Most people take their balance and hearing for granted. For people living with Meniere’s Disease, that’s not the case. The condition makes life challenging because it causes severe dizziness, nausea, hearing loss and an inability to walk or stand. Meniere’s Disease is a chronic condition that often starts in middle age.
The Social Security Administration recognizes the severity of Meniere’s Disease by listing it in its “blue book” of conditions eligible for disability designation. But just having Meniere’s Disease is not enough to get benefits. Your condition must last a certain number of months. A disability lawyer can help you gather the right medical documentation in order to ensure your application has the best chance for success.

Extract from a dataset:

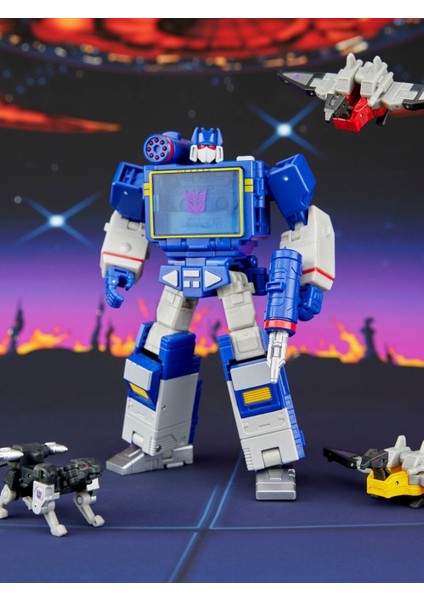 Transformers Studio Series Leader Class Soundwave, The Transformers: The Movie Aksiyon Figürü fiyatları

What is Meniere’s Disease?
No one is sure what causes Meniere’s Disease. It is a disorder of the inner ear, and may be the result of an abnormal amount of fluid in that area. The inner ear does much more than help us hear. It is essential to proper coordination and balance. When the inner ear isn’t working right, it can make life particularly challenging.
According to the American Hearing Research Foundation, Meniere’s Disease is characterized by tinnitus, ear pressure, hearing loss, extreme dizziness and nausea. This leads to falls and trouble maintaining balance. But it is also associated with anxiety and depression. Treatments include anti-nausea and motion sickness medications, as well as diuretics to reduce fluid. There are also therapies to help with hearing loss. There is no specific cure for the condition.
What Qualifies for SSD?
Meniere’s Disease is specifically listed as an SSD qualifying condition under s. 2.07, “disturbance of labyrinthine-vestibular function,” of the SSA’s “blue book.” To show that you are living with Meniere’s Disease, you have to provide evidence of the following:
- Frequent vertigo episodes;
- Ringing in the ear (tinnitus);
- Test-confirmed ongoing hearing loss;
- Test-confirmed dysfunction of the vestibular labyrinth.
In order to qualify under s. 2.07, your Meniere’s Disease must have lasted, or is expected to last, for one year. Because the nature of the condition is to come and go in waves, it is important to talk to your doctor every time you have a symptom or attack. That way, there is medical documentation of the length of time you have lived with this syndrome.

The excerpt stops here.